The RIAA sent out the letters in two groups, the first last Monday and the second last Thursday. Moreover, the association said it intends to continue “identifying illegal file sharers for purposes of enforcement.”
Unlike the lawsuits filed in September, which gave no prior notice to individuals, these letters are designed to serve as warnings to those whom the RIAA has targeted, offering them the opportunity to settle with the RIAA if they respond within 10 days of receiving notice. Otherwise, as each letter states, the RIAA will begin litigation proceedings.
“Although we want you to appreciate the harm that piracy causes, the purpose of this notice is to provide you with the opportunity to resolve this matter and avoid being sued,” the letter states.
RIAA president Cary Sherman said the letters were sent because the RIAA “want[s] to go the extra mile and offer illegal file-sharers an additional chance to work this out short of legal action.”
Sherman added: “Our objective here is not to win lawsuits. It is to foster a business environment where legal online music services and bricks-and-mortar retail stores can flourish. Our continuing efforts are critical to the long-term success of the copyright community, which accounts for thousands of jobs in this country and is our leading export.”
However, Cindy Cohn, legal director of the Electronic Frontier Foundation (EFF), told the E-Commerce Times that the RIAA’s method of quelling unauthorized file-sharing is not cost-effective, at least in the short term.
“It’s fair to say that they’re losing money on this,” she said, adding that the average settlement has been between US$2,000 and $5,000 — less than what it probably costs the RIAA’s legal team to search for people illegally sharing files, serve complaints and negotiate settlements.
“They obviously are trying to send a message, but even if they were sending the best message, they can’t kill [file-sharing],” Cohn noted. “They have not even made a dent.”
For his part, GartnerG2 research director Mike McGuire told the E-Commerce Times that there is an interesting — and substantial — disconnect between RIAA law enforcement tactics and the growth of legal online download services, such as iTunes Music Store and Napster.

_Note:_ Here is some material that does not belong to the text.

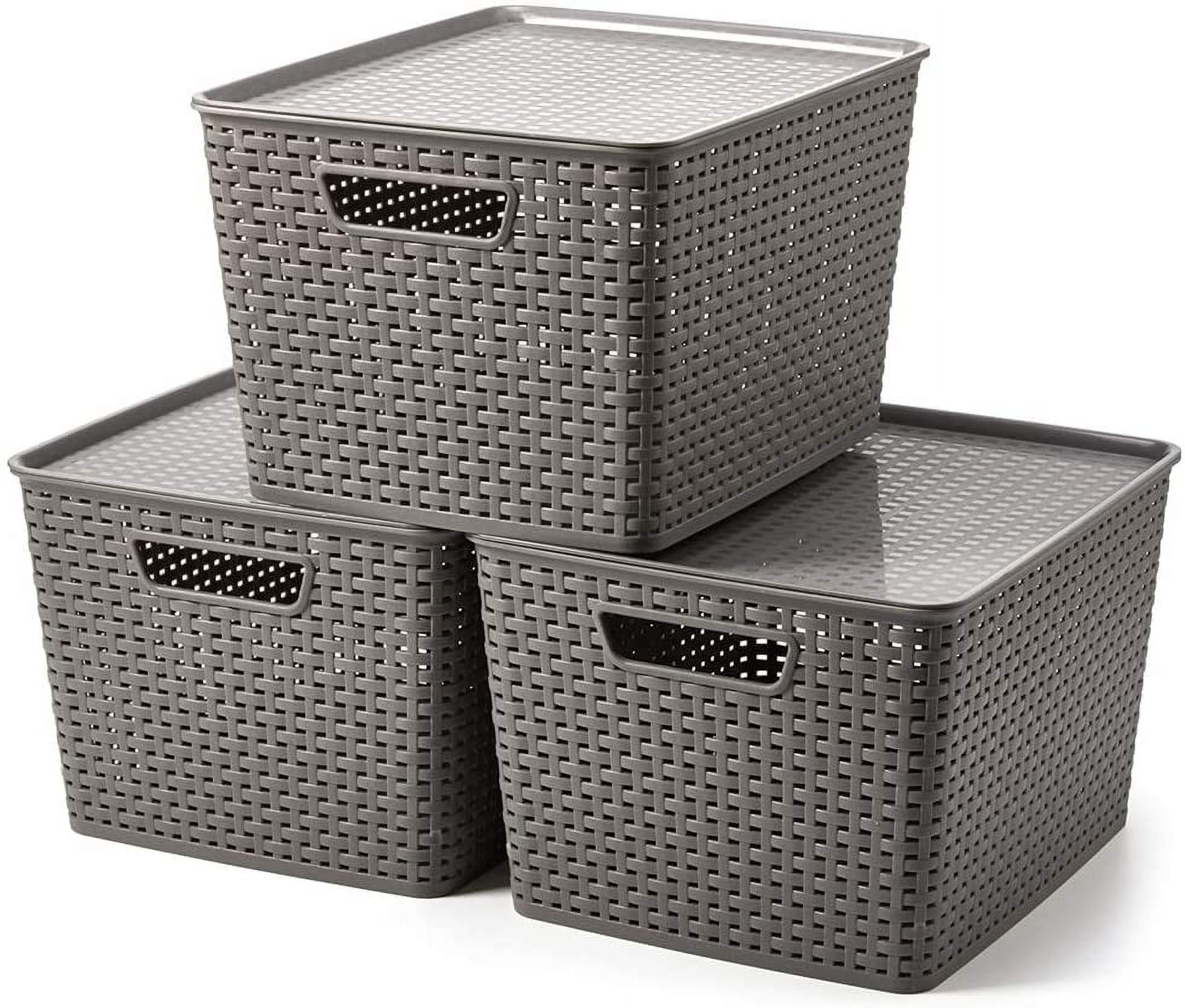 https://i5.walmartimages.com/seo/EZOWare-Large-Stackable-Gray-Plastic-Knit-Baskets-Shelf-Household-Storage-Organizer-Container-Boxes-with-Lid-Pack-of-3-14-x-11-5-x-9_05f24227-0084-4df5-ae74-9c9a2bb61410.408a2aaeec6f24484d09d64e1dc9eda4.jpeg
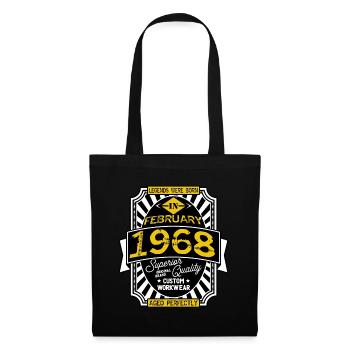 1968 FEBRUARY - Tote Bag - black - Front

He pointed out that the RIAA’s Web site does not feature any information about the increasing number of legitimate music download services being launched. A sister site, Musiciansunited.org, does offer links to legal online music stores, but these sources are not emphasized.
McGuire said this lack of a positive, proactive statement seems peculiar, given that one way to counter a phenomenon like illegal file-sharing might be to provide easy-to-use alternatives.
In fact, proactive positioning is usually a precondition of shifting behaviors, he added.
McGuire went on to say that music-industry outsiders like Steve Jobs are the only people injecting any energy into the music business, while the RIAA and major labels seem focused on stopping new consumer behaviors and returning the business to the way it was years ago, with customers buying CDs.
“All the forward momentum and growth is coming from outsiders, and when have we seen this happen in an industry before?” he quipped.